Le secteur manufacturier britannique est confronté à une crise profonde, menacé par des prix de l’énergie excessivement élevés qui pèsent sur les investissements et la compétitivité. Près de 40 % des entreprises ont déjà réduit leurs dépenses en raison de cette situation, selon un rapport alarmant publié conjointement par la CBI et Energy UK.
L’étude met en évidence l’incapacité du gouvernement à maîtriser les coûts énergétiques et à moderniser les infrastructures vieillissantes du pays, un problème qui affecte des entreprises de tous les secteurs, des industries chimiques aux pubs et restaurants. Les prix de l’électricité pour les entreprises sont actuellement les plus chers du monde développé, dépassant de près des deux tiers la moyenne des pays de l’Agence internationale de l’énergie (AIE) et se situant en tête de liste parmi les membres du G7.
Une enquête menée dans le cadre du rapport révèle que près de 90 % des entreprises ont constaté une augmentation de leurs factures d’énergie au cours des cinq dernières années, et que quatre entreprises sur dix ont réduit leurs investissements en conséquence. Sans une baisse significative des coûts énergétiques, le rapport avertit d’un risque accru de pertes d’emplois, de réductions de production, de fermetures d’usines et de délocalisations.
Les prix de l’électricité pour les entreprises de taille moyenne au Royaume-Uni sont environ deux fois plus élevés que la médiane de l’Union européenne. Bien que les prix du gaz soient comparables à ceux de l’UE, ils restent considérablement plus élevés qu’aux États-Unis et au Canada.
Les conséquences de cette situation se font déjà sentir sur la balance commerciale du Royaume-Uni. Les chiffres de 2025 montrent que le commerce de biens a enregistré sa plus forte baisse jamais enregistrée, avec un déficit de 248,3 milliards de livres sterling (environ 290 milliards d’euros), soit 30,5 milliards de livres sterling de plus que l’année précédente.
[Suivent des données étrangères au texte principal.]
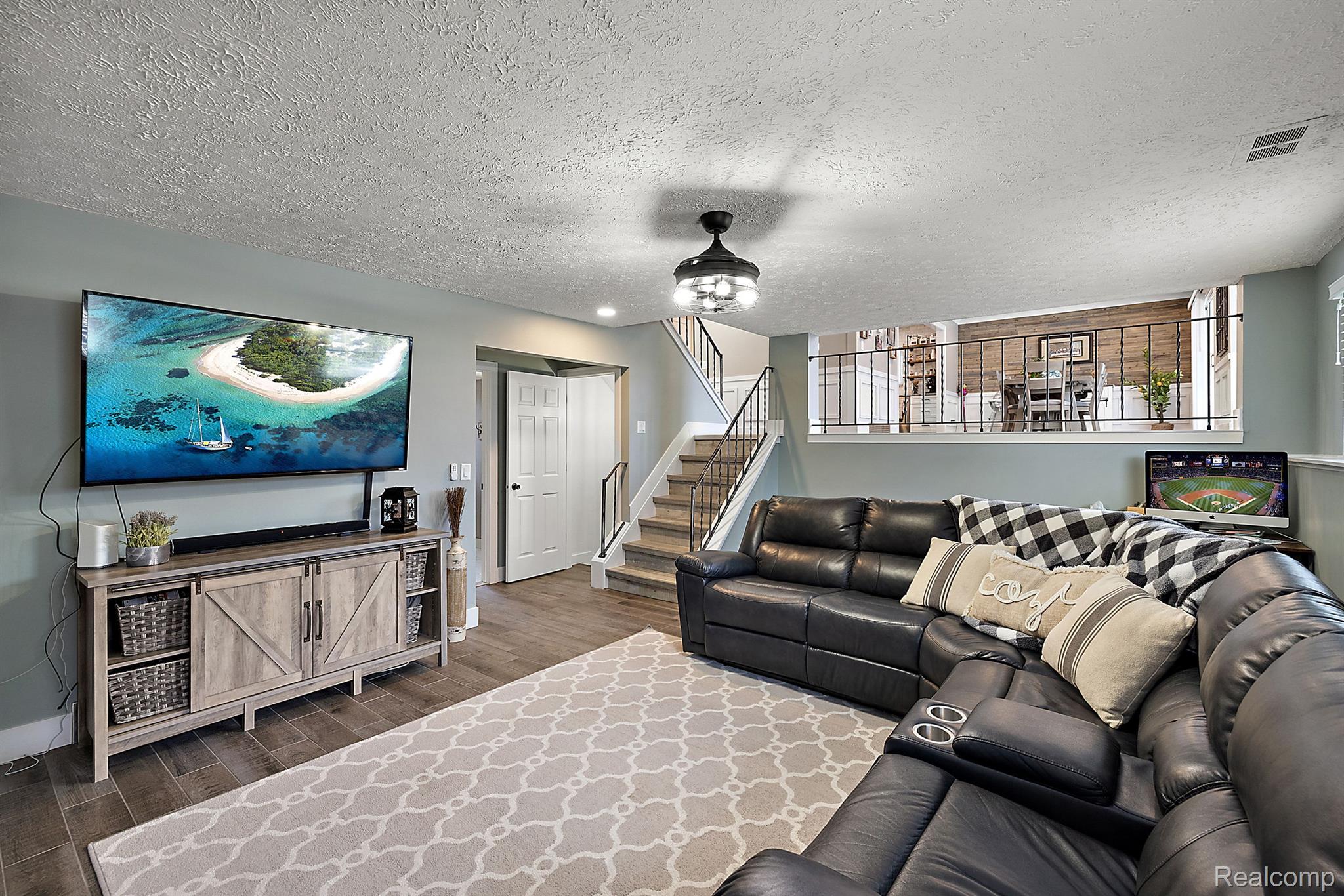 15370 VALERIE DRIVE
La CBI et Energy UK appellent le gouvernement à collaborer étroitement avec l’industrie pour mener un examen approfondi des besoins énergétiques du Royaume-Uni et des moyens de les satisfaire dans le cadre de la transition vers le zéro net. Un groupe de travail composé d’experts examinera les réformes potentielles pour réduire les prix et améliorer l’efficacité des réseaux de gaz et d’électricité.
« On le voit déjà dans l’industrie chimique, qui a connu plusieurs fermetures », a déclaré Louise Hellem, économiste en chef de la CBI. « Cette année est un moment charnière pour la stratégie industrielle du Royaume-Uni. »
Le ministre de l’Énergie, Ed Miliband, a mis en place des mesures pour protéger certains des plus gros consommateurs d’énergie, en réduisant les prix de l’électricité jusqu’à 40 £ le mégawattheure pour 7 000 « gros utilisateurs ». Cependant, Dhara Vyas, directrice d’Energy UK, souligne que cette aide est insuffisante et financée par d’autres consommateurs. « La baisse des prix pour toutes les entreprises est fondamentale pour la croissance du Royaume-Uni », a-t-elle affirmé.
Energy UK a souligné que les coûts de l’électricité restent 70 % plus élevés qu’avant l’invasion de l’Ukraine par la Russie, tandis que les prix du gaz ont augmenté de 60 %.